By Lagrange's theorem, this is only possible when $m$ divides $n$, and in this case there is only one possible image because $C_n$ contains exactly one subgroup of each order dividing $n$.
The question then reduces to where we can send the generator of $C_m$. 
We must send it to an element of order $m$ in $C_n$. There are exacty $\phi(m)$ such elements.
Therefore, there are $\phi(m)$ injective homomorphism $C_m \to C_n$ when $m$ divides $n$ and none otherwise.
($\phi$ here is Euler's totient function.)
A: Firstly, every element of $G= \mathbb{Z}_n$ has an order that divides $n$, and every element of $H= \mathbb{Z}_m$ has an order that divides $m$. Therefore, if $\varphi: H\to G$, then for $h\in H$, $\varphi(h)$ has an order that divides both $n$ and $m$, so it divides $g= \gcd (n, m)$.
Let $n = n' g$ and $m = m'g$. The elements that have the possible orders in $G$ are $\{n'i\ :\ i\in\{0,\dots, g-1\}\}$, and this subset is isomorphic to $K=\mathbb{Z}_g$. So, now we have to work out the number of homomorphisms from $H$ to $K$, which feels a bit more straightforward.
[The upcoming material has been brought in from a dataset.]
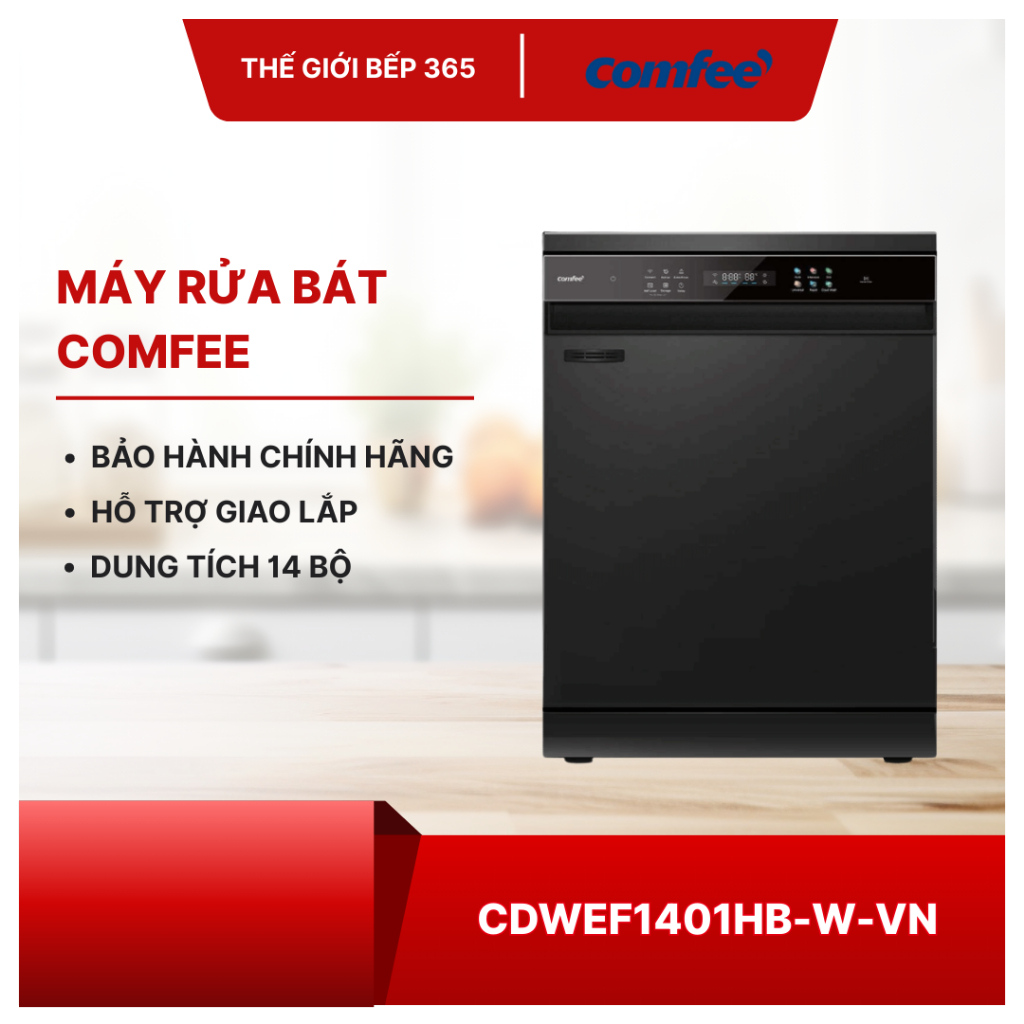 Máy rửa chén Comfee CDWEF1401HB-W-VN – Tiết kiệm nước, kháng khuẩn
Furthermore, the image of $1\in H$ (that's not the identity, its the element $1$) determines the entire homomorphism. And, if $\varphi(1) = k\in K$ ($k$ some integer), then the map $\varphi_k(i) = i\cdot k\  (\text{mod}\ g)$ is a homomorphism. 
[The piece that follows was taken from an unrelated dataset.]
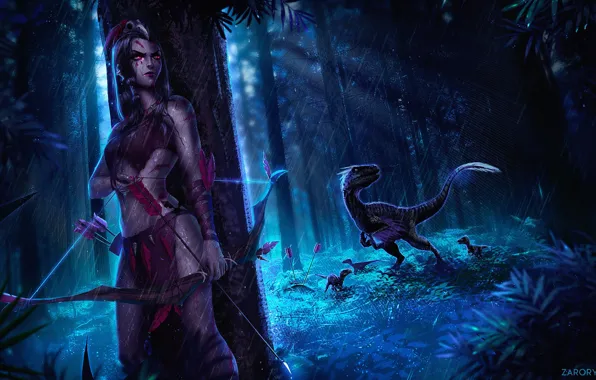Девушка, Рисунок, Лес, Лук, Fantasy, Арт, Hunter, Raptor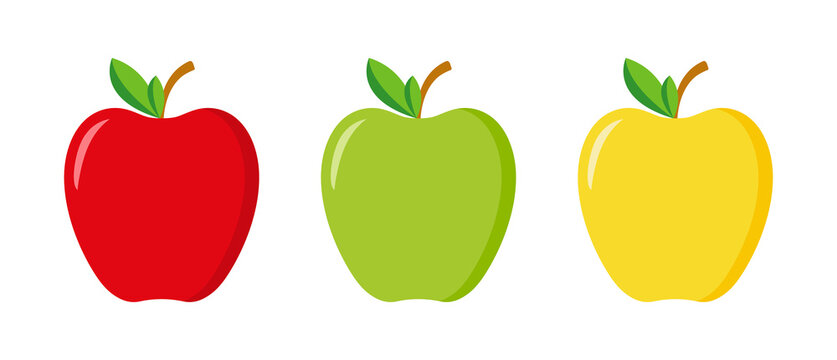 Red, green and yellow apple. Cartoon icon with leaf. Logo for juice. Color fruits isolated on white background. Healthy food. Vector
So, there are exactly $g$ homomorphisms.
But, you want the ones that are injective. So, for which $k$ is the map $\varphi_k$ injective? Well, we want $\varphi^{-1}( 0 )= \{0\}.$ Now, $i\cdot k = 0$ if and only if $g | i\cdot k$. So, for a given $m$, $n$ and $k$, is there an $i\in \{0,\ldots , m-1\}$ such that $i\cdot k = 0$? If $\gcd(k , g)\neq 1$ then $i = g/\gcd(k , g)$ will work, so $k$ must be relatively prime to $g$. Furthermore, is $m\geq g$, then $i=g$ works, so unless $m=g$, there are no such maps.
Therefore, if $m \not| n$ then there are no maps, and if $m | n$ there are $\phi(m)$ such maps, where $\phi$ is the totient function.